## Supplied records:

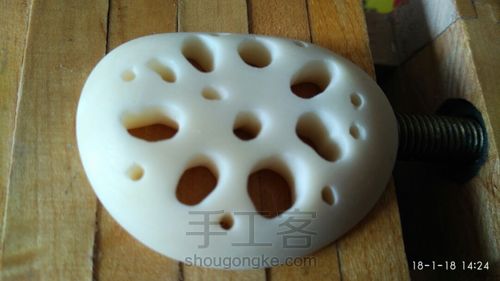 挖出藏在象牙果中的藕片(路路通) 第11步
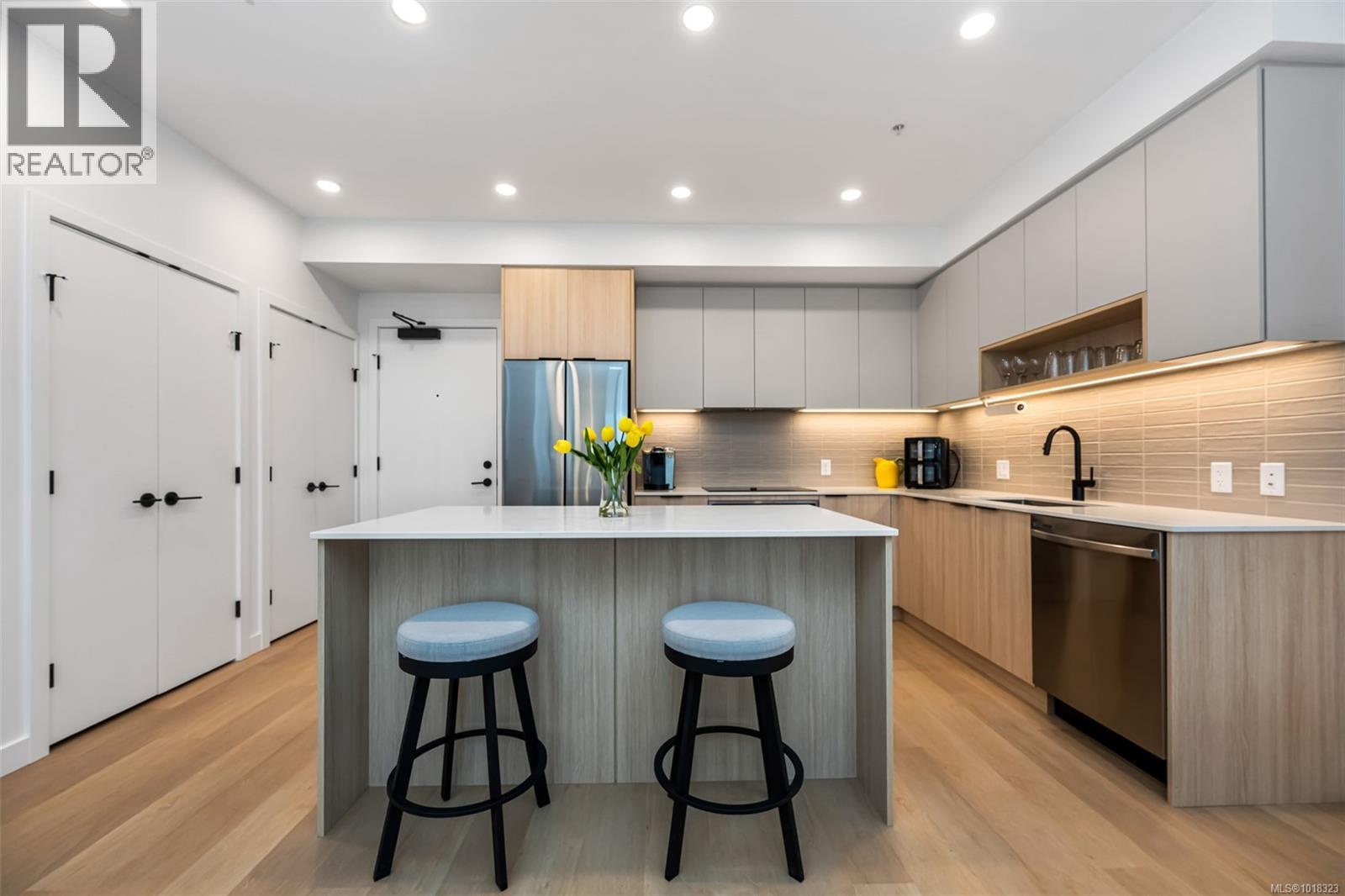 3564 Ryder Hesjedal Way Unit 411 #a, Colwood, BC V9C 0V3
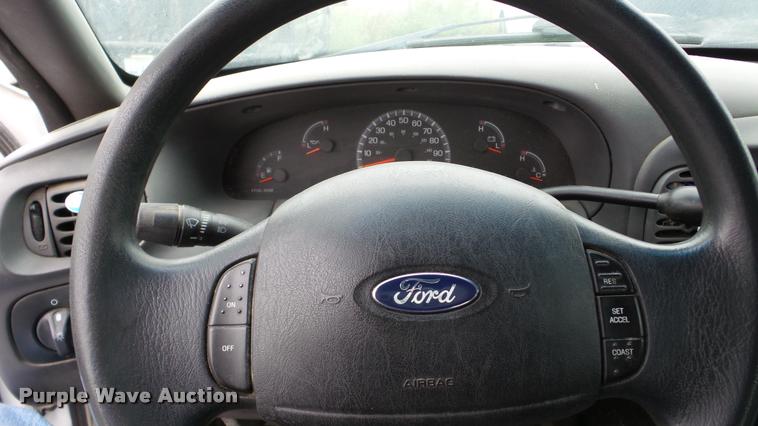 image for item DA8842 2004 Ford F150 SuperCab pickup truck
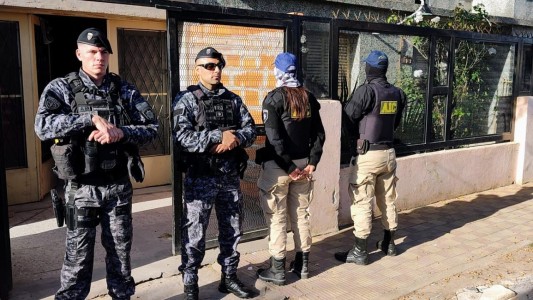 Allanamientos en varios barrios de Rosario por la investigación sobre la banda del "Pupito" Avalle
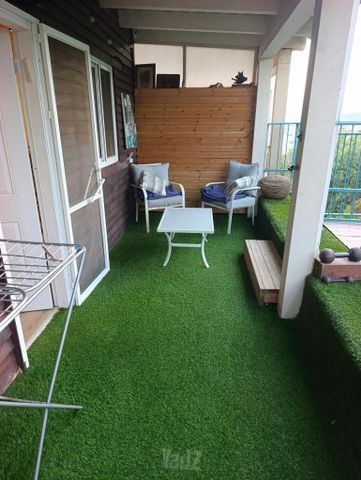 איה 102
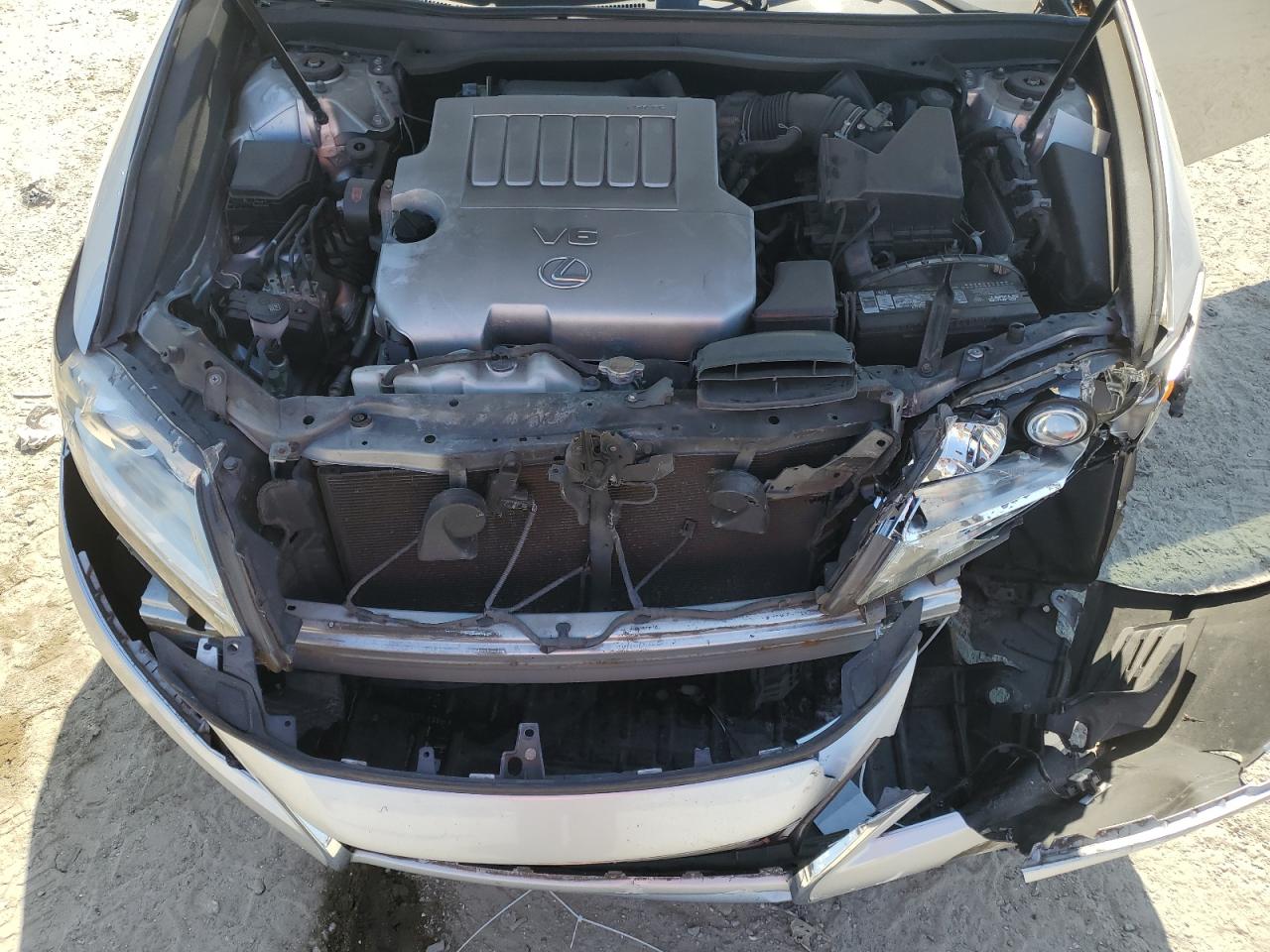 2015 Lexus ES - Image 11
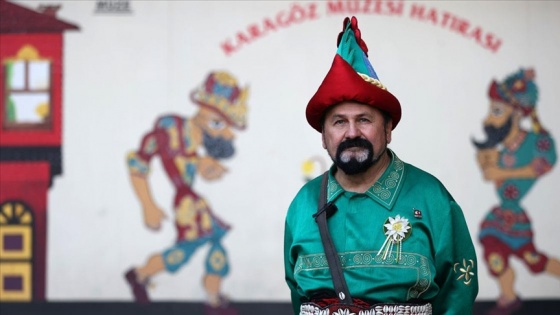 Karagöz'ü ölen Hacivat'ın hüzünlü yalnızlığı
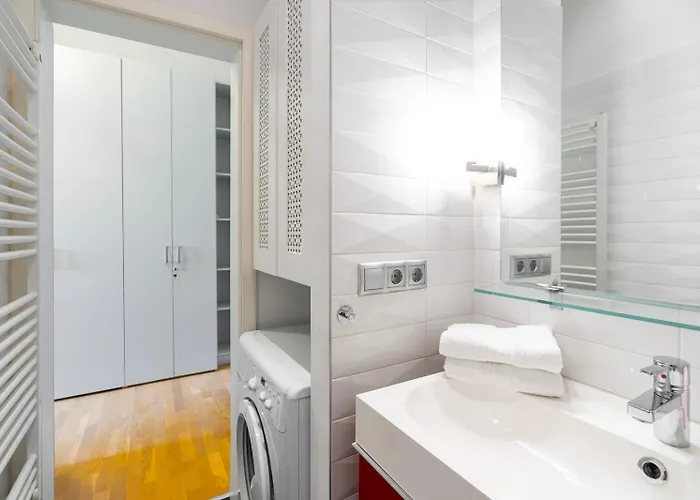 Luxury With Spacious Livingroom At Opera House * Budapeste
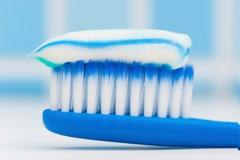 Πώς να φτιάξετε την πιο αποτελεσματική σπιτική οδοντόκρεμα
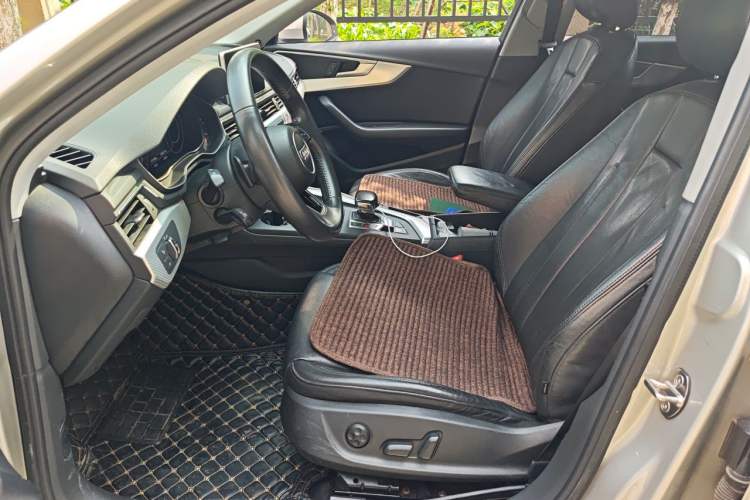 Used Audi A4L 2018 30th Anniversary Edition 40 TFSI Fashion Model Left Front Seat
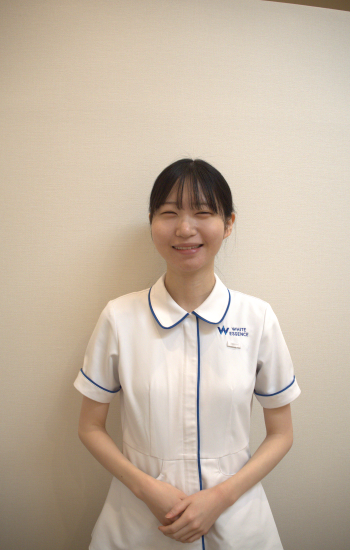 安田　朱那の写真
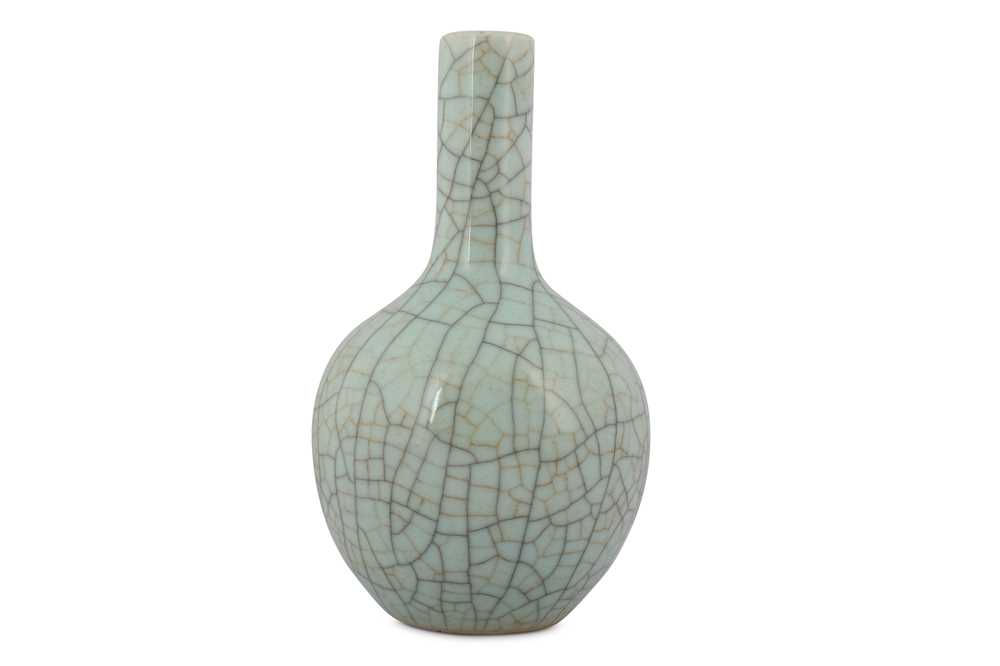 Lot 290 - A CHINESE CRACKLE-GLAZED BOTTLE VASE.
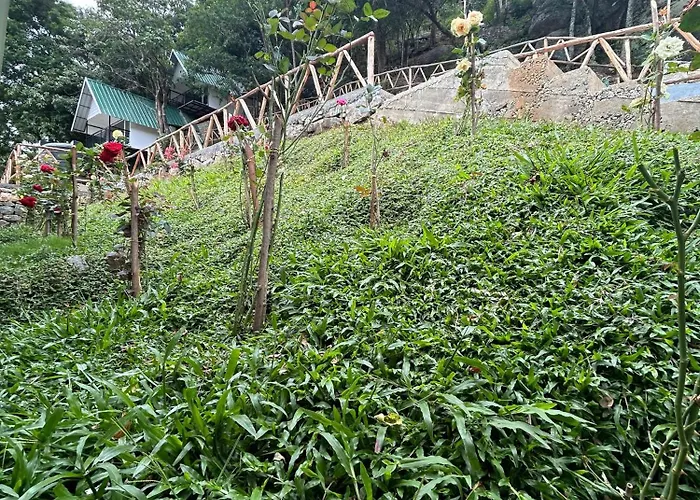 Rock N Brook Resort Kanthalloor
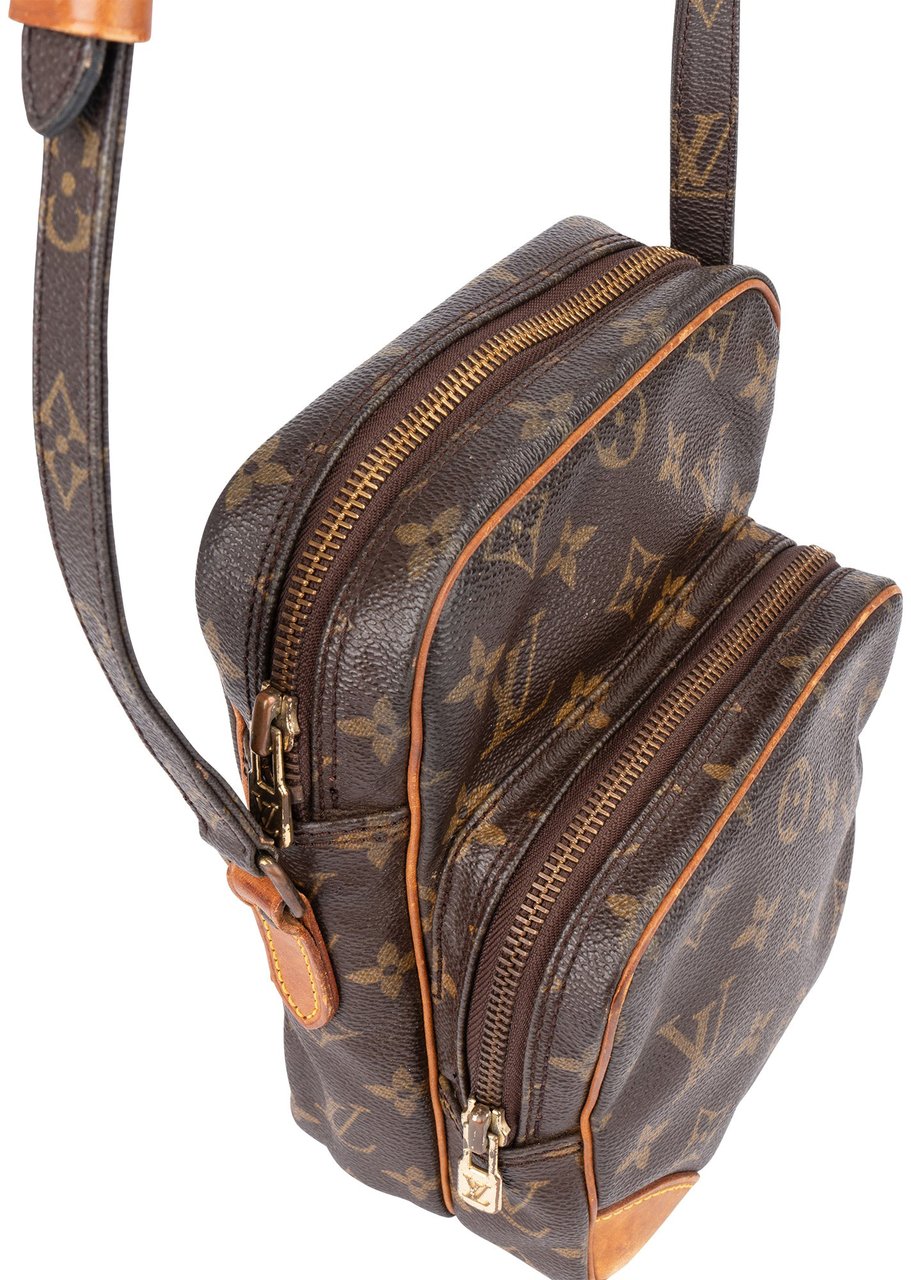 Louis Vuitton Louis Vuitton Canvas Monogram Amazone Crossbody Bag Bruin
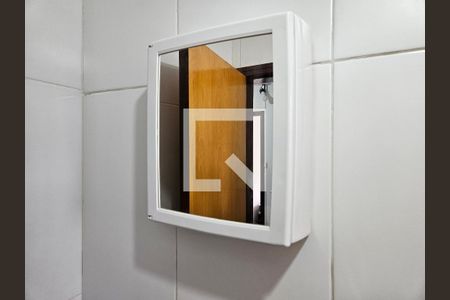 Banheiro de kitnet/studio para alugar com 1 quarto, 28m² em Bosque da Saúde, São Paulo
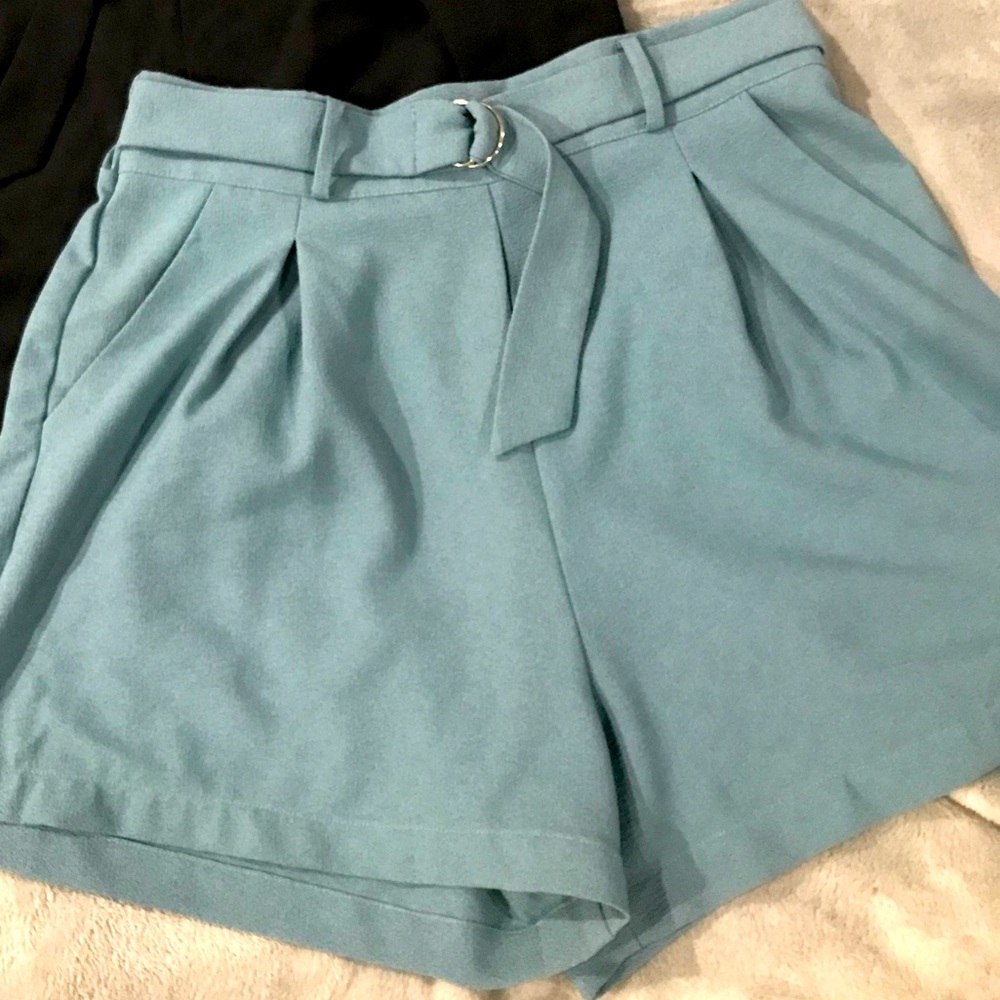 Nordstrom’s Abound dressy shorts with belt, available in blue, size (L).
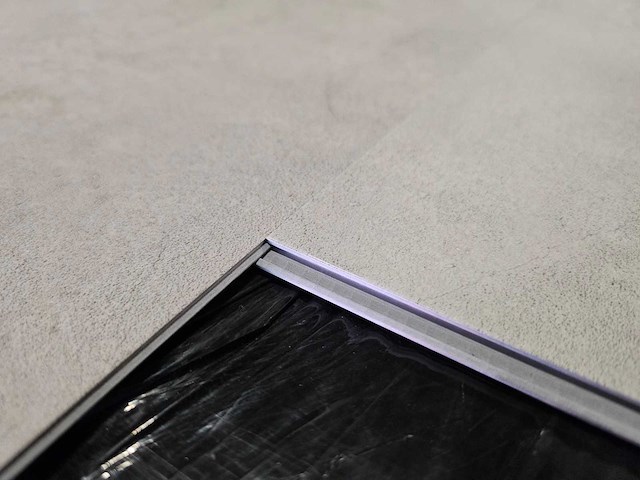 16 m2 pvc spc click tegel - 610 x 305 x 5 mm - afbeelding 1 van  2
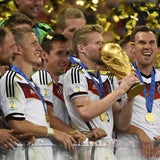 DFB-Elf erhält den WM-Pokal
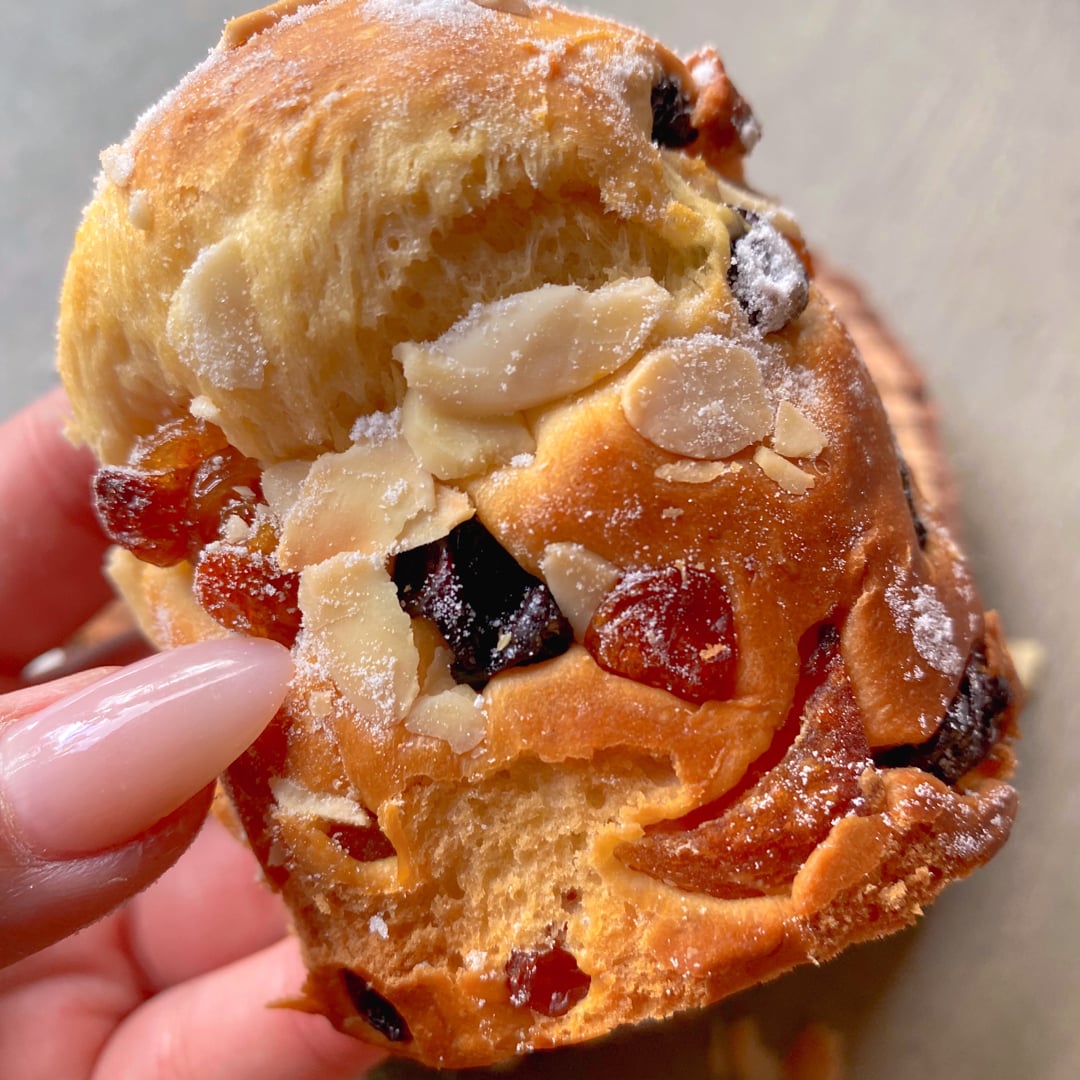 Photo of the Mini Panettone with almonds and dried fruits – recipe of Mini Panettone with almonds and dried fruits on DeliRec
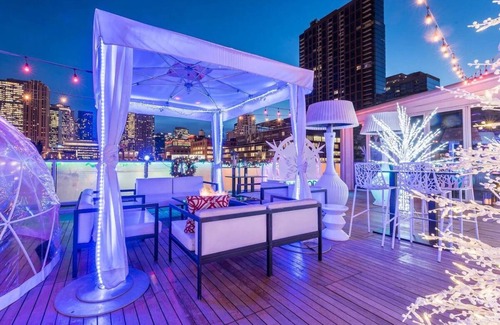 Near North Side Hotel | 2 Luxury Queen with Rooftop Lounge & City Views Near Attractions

## Problem to solve:
Please give all of the material again, exactly, without the images.

## Exercise answer:
 挖出藏在象牙果中的藕片(路路通) 第11步
 3564 Ryder Hesjedal Way Unit 411 #a, Colwood, BC V9C 0V3
 image for item DA8842 2004 Ford F150 SuperCab pickup truck
 Allanamientos en varios barrios de Rosario por la investigación sobre la banda del "Pupito" Avalle
 איה 102
 2015 Lexus ES - Image 11
 Karagöz'ü ölen Hacivat'ın hüzünlü yalnızlığı
 Luxury With Spacious Livingroom At Opera House * Budapeste
 Πώς να φτιάξετε την πιο αποτελεσματική σπιτική οδοντόκρεμα
 Used Audi A4L 2018 30th Anniversary Edition 40 TFSI Fashion Model Left Front Seat
 安田　朱那の写真
 Lot 290 - A CHINESE CRACKLE-GLAZED BOTTLE VASE.
 Rock N Brook Resort Kanthalloor
 Louis Vuitton Louis Vuitton Canvas Monogram Amazone Crossbody Bag Bruin
 Banheiro de kitnet/studio para alugar com 1 quarto, 28m² em Bosque da Saúde, São Paulo
 Nordstrom’s Abound dressy shorts with belt, available in blue, size (L).
 16 m2 pvc spc click tegel - 610 x 305 x 5 mm - afbeelding 1 van  2
 DFB-Elf erhält den WM-Pokal
 Photo of the Mini Panettone with almonds and dried fruits – recipe of Mini Panettone with almonds and dried fruits on DeliRec
 Near North Side Hotel | 2 Luxury Queen with Rooftop Lounge & City Views Near Attractions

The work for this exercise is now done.